Footnote: Any party advocating for adjustments to an improvement’s value—not just the State Board—should use the unit-in-place tables, where values for items can be reasonably identified and applied using the unit-in-place tables (and where adjustments for items are not otherwise provided for by the regulations’ cost schedules).


Footnote: Clark claims that the regulations governing grade lack ascertainable standards and are therefore invalid. (Pet’r Br. at 6-7.) However, a taxpayer may not simply point out the inadequacies of the present assessment system and expect to secure a reversal. White Swan Realty v. State Bd. of Tax Comm’rs, 712 N.E.2d 555, 559 (Ind. Tax Ct. 1999), review denied. “Instead, the taxpayer must offer probative evidence relating to the grade issue.” Id. Clark’s evidence, i.e., the written review and trial testimony of M. Drew Miller, is not probative evidence because it is conclusory in nature.

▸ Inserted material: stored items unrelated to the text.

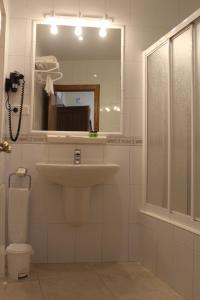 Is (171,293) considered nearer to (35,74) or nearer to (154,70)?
(154,70)

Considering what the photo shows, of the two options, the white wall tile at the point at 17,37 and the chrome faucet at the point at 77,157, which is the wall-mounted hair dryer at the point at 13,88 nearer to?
the white wall tile at the point at 17,37

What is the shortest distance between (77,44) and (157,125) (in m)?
1.06

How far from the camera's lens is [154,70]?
2.89m

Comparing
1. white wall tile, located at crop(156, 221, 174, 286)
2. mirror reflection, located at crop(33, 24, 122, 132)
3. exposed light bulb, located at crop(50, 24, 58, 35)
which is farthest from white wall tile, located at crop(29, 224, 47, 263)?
exposed light bulb, located at crop(50, 24, 58, 35)

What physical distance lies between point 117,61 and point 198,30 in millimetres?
989

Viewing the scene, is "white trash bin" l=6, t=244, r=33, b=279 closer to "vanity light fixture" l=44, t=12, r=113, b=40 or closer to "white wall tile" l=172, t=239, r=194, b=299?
"white wall tile" l=172, t=239, r=194, b=299

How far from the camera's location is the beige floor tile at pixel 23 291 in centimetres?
208

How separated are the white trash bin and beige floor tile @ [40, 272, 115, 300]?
152 millimetres

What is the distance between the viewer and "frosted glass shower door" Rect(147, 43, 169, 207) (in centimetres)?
264

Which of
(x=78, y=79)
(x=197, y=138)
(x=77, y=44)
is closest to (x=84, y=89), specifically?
(x=78, y=79)

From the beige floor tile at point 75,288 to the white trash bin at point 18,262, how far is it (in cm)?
15

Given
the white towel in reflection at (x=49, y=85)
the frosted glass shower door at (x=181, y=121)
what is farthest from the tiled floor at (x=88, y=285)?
the white towel in reflection at (x=49, y=85)

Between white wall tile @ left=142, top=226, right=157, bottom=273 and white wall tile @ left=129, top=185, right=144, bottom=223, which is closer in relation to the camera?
white wall tile @ left=142, top=226, right=157, bottom=273

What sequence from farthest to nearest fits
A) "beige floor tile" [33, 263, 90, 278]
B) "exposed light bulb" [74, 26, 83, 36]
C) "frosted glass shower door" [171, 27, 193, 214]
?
"exposed light bulb" [74, 26, 83, 36] → "beige floor tile" [33, 263, 90, 278] → "frosted glass shower door" [171, 27, 193, 214] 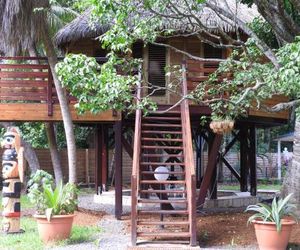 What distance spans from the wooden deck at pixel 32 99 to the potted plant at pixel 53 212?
101 inches

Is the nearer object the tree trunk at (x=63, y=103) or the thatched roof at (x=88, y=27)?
the tree trunk at (x=63, y=103)

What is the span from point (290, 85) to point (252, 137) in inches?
366

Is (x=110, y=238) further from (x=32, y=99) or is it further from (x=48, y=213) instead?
(x=32, y=99)

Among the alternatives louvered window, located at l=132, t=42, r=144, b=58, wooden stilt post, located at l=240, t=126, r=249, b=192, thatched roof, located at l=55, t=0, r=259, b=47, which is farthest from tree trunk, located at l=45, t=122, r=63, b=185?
wooden stilt post, located at l=240, t=126, r=249, b=192

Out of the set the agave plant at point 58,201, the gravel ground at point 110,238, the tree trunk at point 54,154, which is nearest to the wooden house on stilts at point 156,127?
the gravel ground at point 110,238

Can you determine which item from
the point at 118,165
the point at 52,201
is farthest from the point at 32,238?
the point at 118,165

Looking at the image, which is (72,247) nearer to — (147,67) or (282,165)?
(147,67)

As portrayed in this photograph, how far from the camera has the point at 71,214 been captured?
880 centimetres

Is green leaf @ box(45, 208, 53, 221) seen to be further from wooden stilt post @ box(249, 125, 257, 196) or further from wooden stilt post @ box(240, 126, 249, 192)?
wooden stilt post @ box(240, 126, 249, 192)

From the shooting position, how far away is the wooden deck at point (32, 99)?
37.0ft

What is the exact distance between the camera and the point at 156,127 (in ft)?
36.9

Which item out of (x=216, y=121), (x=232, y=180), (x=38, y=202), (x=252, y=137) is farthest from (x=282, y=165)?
(x=38, y=202)

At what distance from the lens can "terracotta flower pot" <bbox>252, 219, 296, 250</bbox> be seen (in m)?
7.74

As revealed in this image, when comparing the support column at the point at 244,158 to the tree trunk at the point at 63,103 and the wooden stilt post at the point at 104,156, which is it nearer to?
the wooden stilt post at the point at 104,156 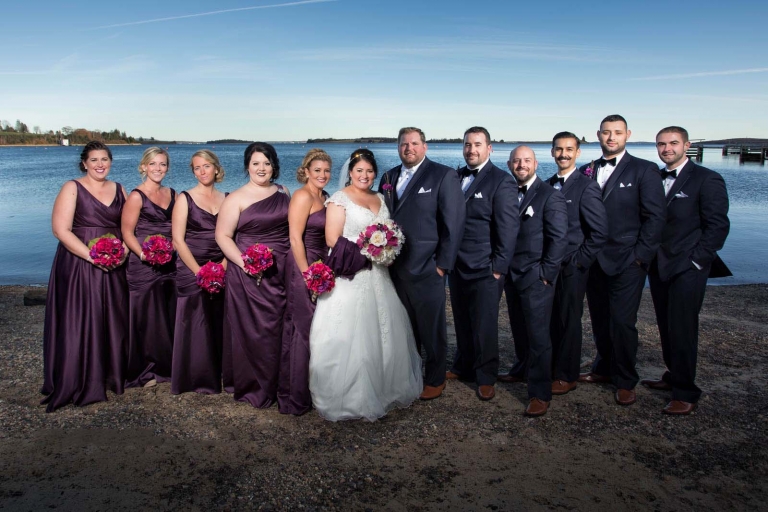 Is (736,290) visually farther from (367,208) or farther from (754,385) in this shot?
(367,208)

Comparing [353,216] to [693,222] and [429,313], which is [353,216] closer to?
[429,313]

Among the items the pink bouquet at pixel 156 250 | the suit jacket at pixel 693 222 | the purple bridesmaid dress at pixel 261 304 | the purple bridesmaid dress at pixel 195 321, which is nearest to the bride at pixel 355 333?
the purple bridesmaid dress at pixel 261 304

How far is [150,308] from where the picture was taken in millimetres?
6184

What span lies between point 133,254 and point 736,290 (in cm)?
1215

See CDI, Inc. v. State Bd. of Tax Comm’rs, 725 N.E.2d 1015, 1020-21 (Ind. Tax Ct. 2000). Thus, this argument also fails.

Footnote: This case concerns only the first step, i.e., identifying causes of economic obsolescence.

Footnote: Issues as to parking spots and land-to-building ratios involve questions of functional obsolescence, i.e., obsolescence caused by conditions internal to the property. Clark, 694 N.E.2d at 1238 (citing Ind. Admin. Code tit. 50, r. 2.1-5-1 (1992)). However, for ease of reference in this opinion, the Court considers these two points within the framework of Clark’s economic obsolescence arguments.